# [Supplied records]
--
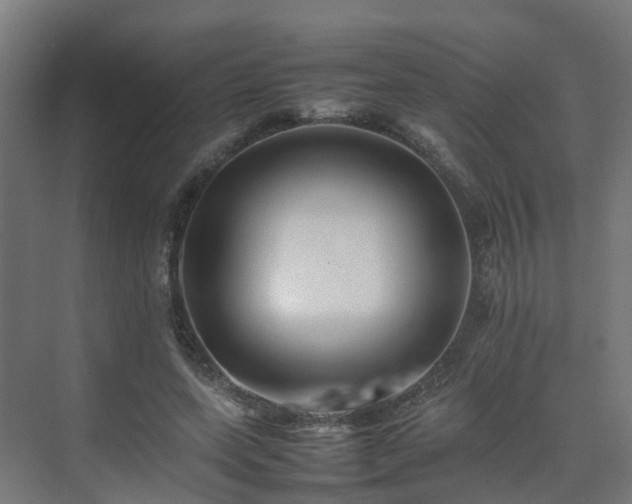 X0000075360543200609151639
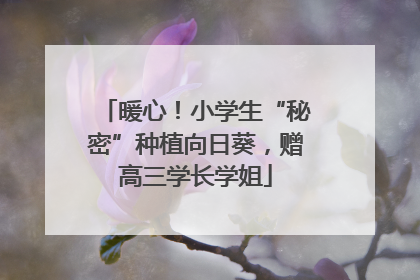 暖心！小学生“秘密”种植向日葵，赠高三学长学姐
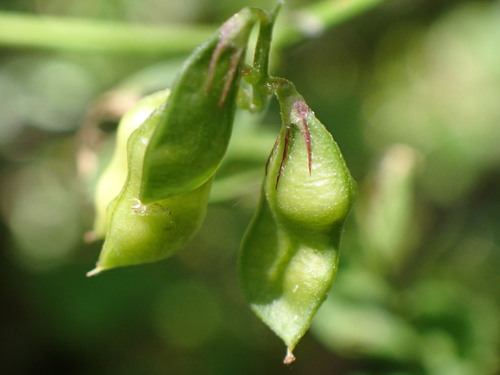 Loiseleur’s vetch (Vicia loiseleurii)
--
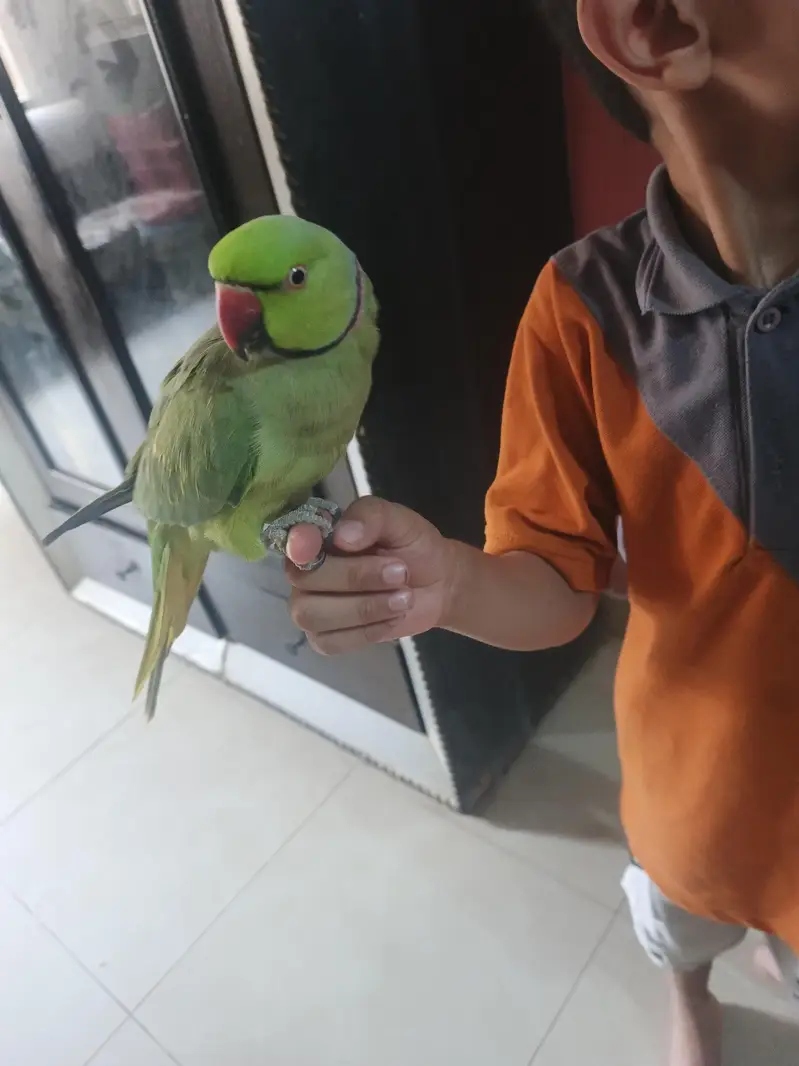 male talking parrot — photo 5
--
# [About this task]
All lines above starting at the one with "X0000075360543200609151639" and ending at the one with "Loiseleur’s vetch (Vicia loiseleurii)", inclusive, are to be printed again exactly, with the pictures left out.

# [Task result]
 X0000075360543200609151639
 暖心！小学生“秘密”种植向日葵，赠高三学长学姐
 Loiseleur’s vetch (Vicia loiseleurii)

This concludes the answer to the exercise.